▸ Your instructions
Beginning with the line that holds "BREAKING: Plateau Lawmaker, Henry" and ending with the last line of the entries, please output each line exactly, apart from any pictures.

Short web captions:
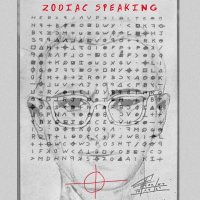 Zodiac Speaking Podcast (@podcastzodiac) 's Twitter Profile Photo Zodiac Speaking Podcast (@podcastzodiac) 's Twitter Profile Photo
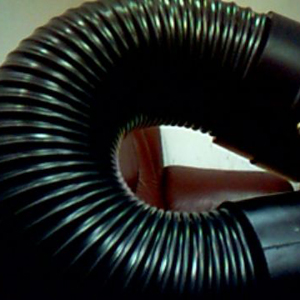 TPEE�������Ծ��������壩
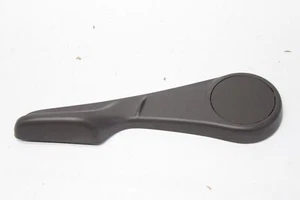 2019-2024 CHEVROLET MALIBU FRONT RIGHT PASSENGER SIDE VERTICAL LIFT HANDLE OEM - Picture 1 of 6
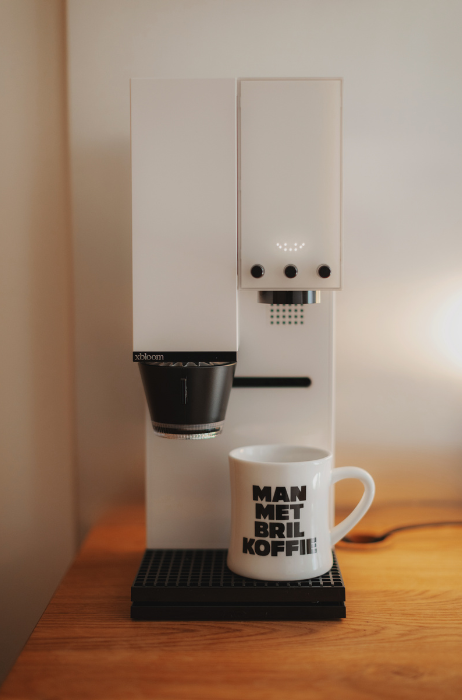 Man-Met-Bril-Koffiehotel-Rotterdam (8)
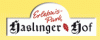 thumb_logo-haslinger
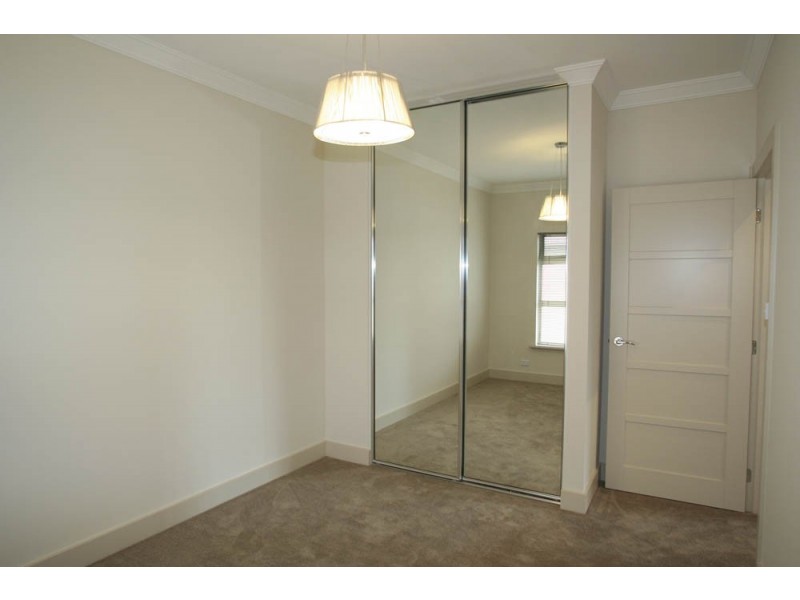 6 Plantation Avenue, Flagstaff Hill SA 5159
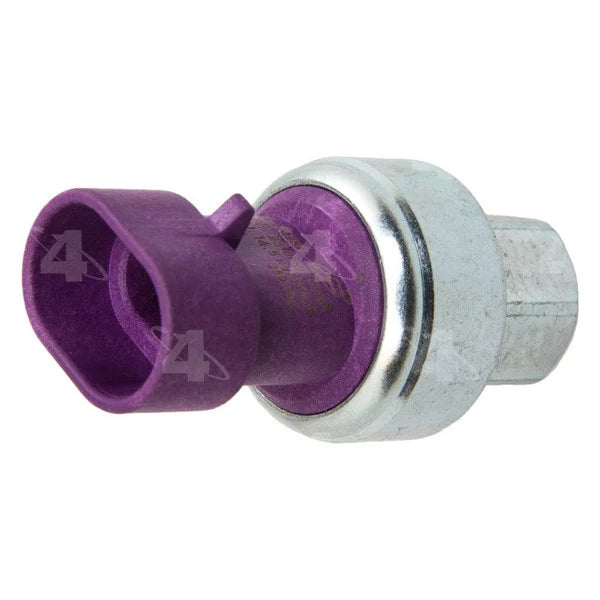 FOUR SEASONS auto part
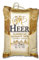 Heer Superior Basmati Reis -Extra Long - 5kg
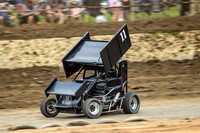 Formula 500 11 T11 - Saturday-5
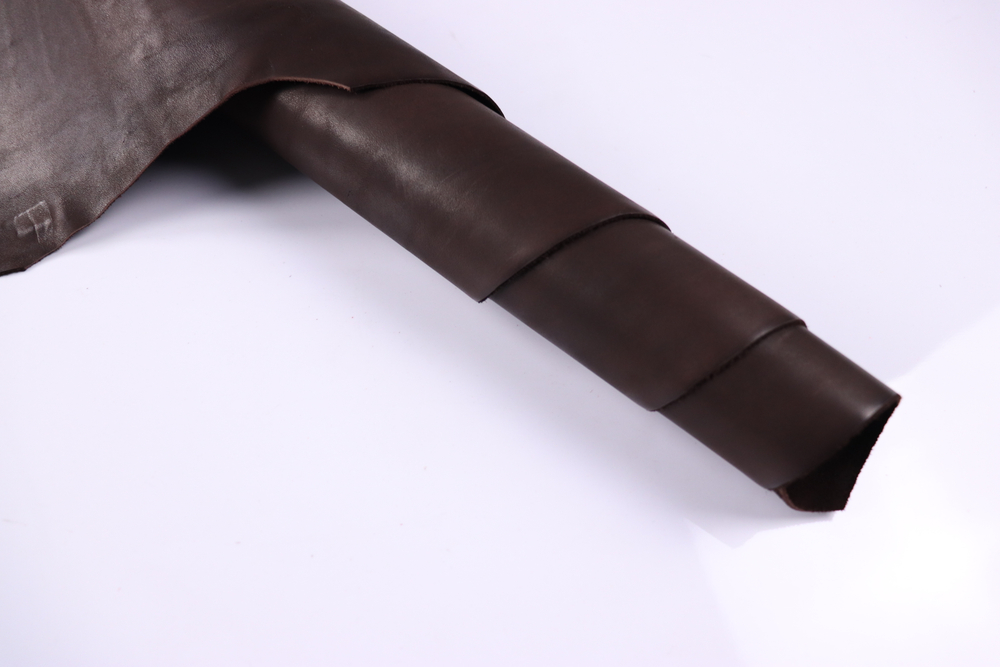 1,3-1,5 Краст Махагон 162 дм² (КЛ)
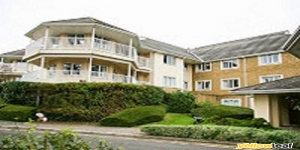The Hawthorns Clevedon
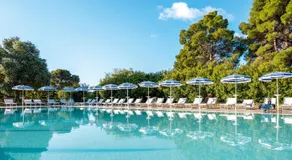 MClub Budoni - Image 2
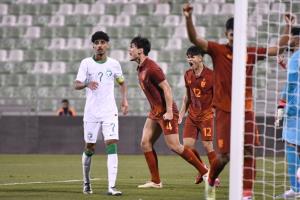 ส่องขุมกำลัง 29 นักเตะ U23 เตรียมลุยซีเกมส์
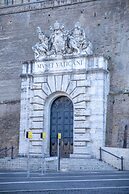 Vaticano Venticinque Guest House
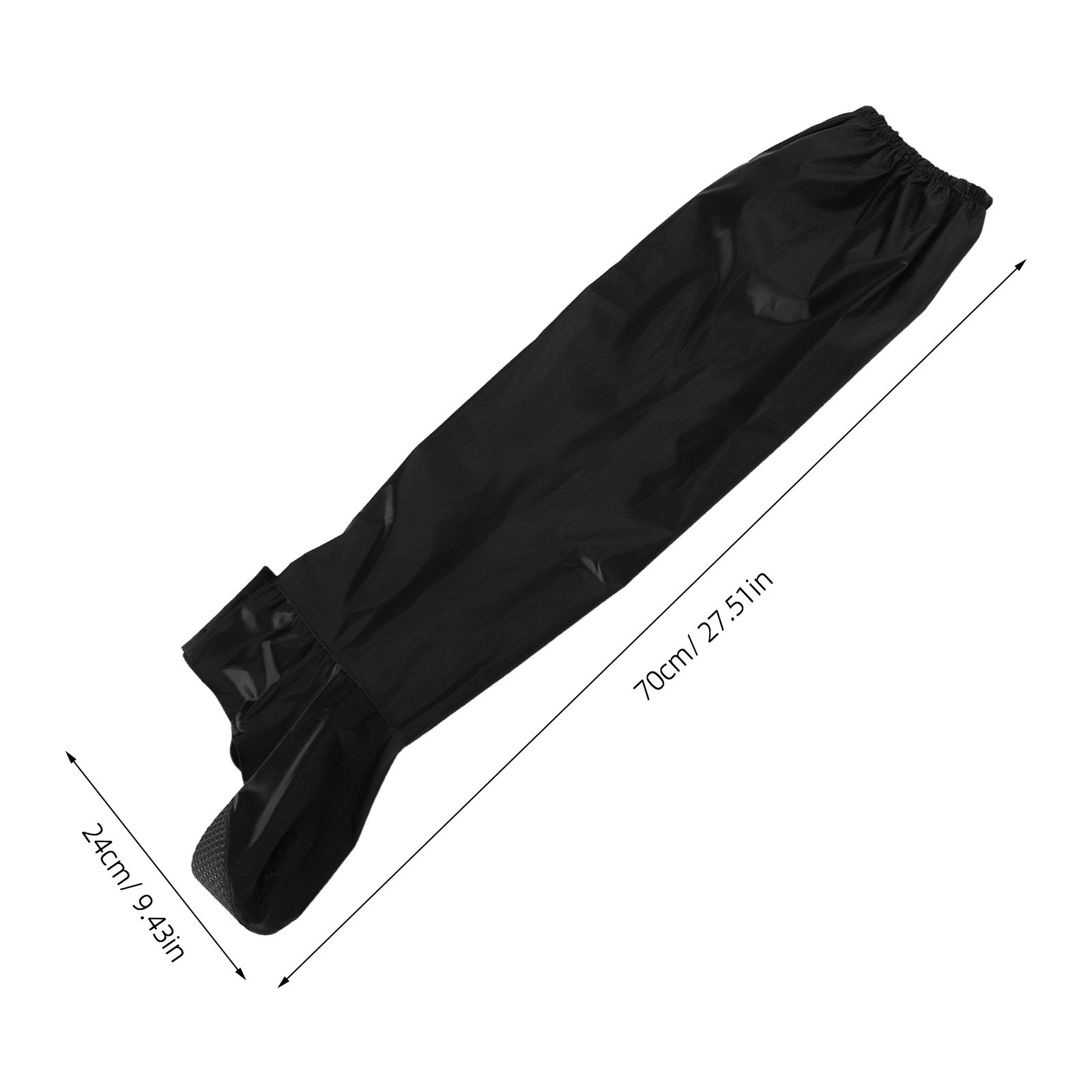 1Pair Waterproof Motorcycle Ri - Motorcycle Gear Women ulasan dan harga
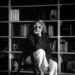 El legado de Silvina Ocampo cumple 121 años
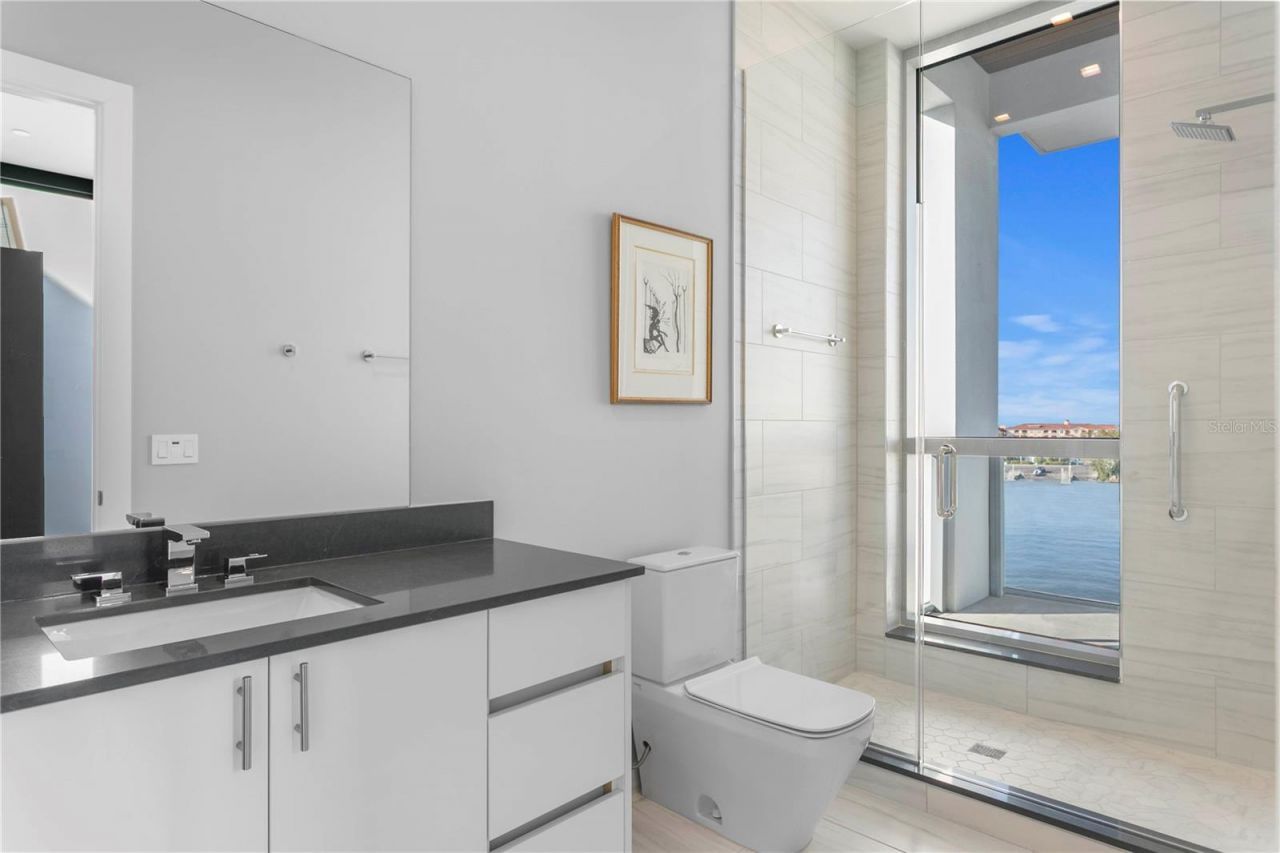 5142 Marina Way, Tampa, FL 33611 Photo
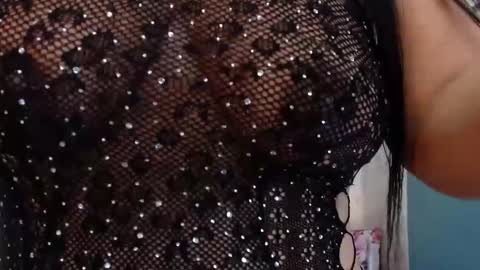 Snapshot of miia_rousee_ chatting on 25, 2, 2026 ROUSSE online show from 25, 2, 2026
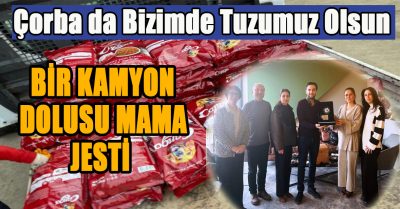 Dernek yönetiminin yaptığı açıklama ise şu şekilde:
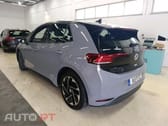 Volkswagen Id.3 Pro Performance Life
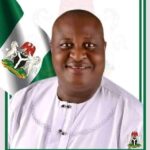 BREAKING: Plateau Lawmaker, Henry Longs is Dead | Daily Report Nigeria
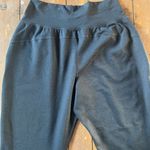 Old Navy  Extra High-Waisted CloudComfy Joggers Photo 2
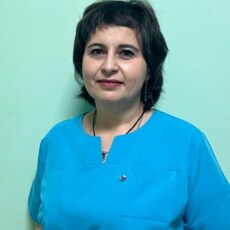 Фотография девушки Екатерина, 47 лет из г. Оренбург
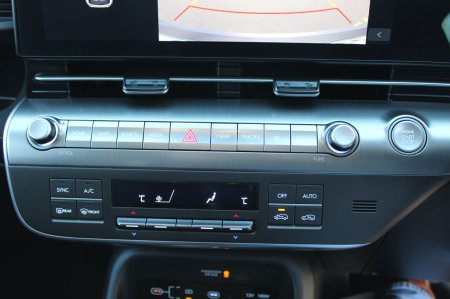2026 Hyundai KONA - photo 14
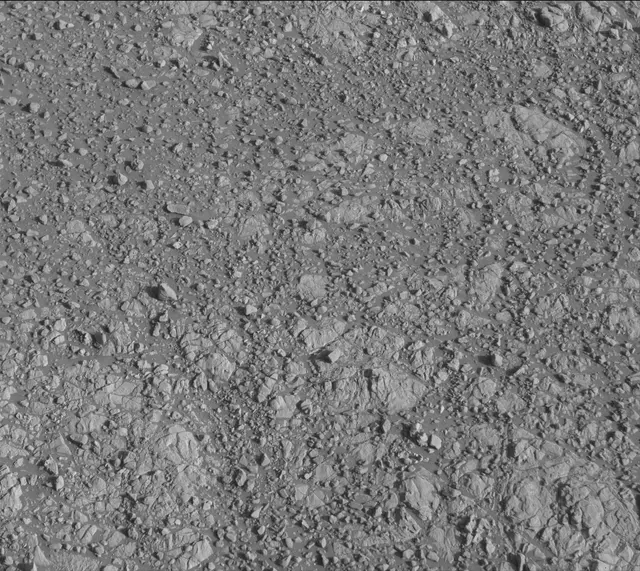 Sol 1928: Mast Camera (Mastcam)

▸ The answer
 BREAKING: Plateau Lawmaker, Henry Longs is Dead | Daily Report Nigeria
 Old Navy  Extra High-Waisted CloudComfy Joggers Photo 2
 Фотография девушки Екатерина, 47 лет из г. Оренбург
2026 Hyundai KONA - photo 14
 Sol 1928: Mast Camera (Mastcam)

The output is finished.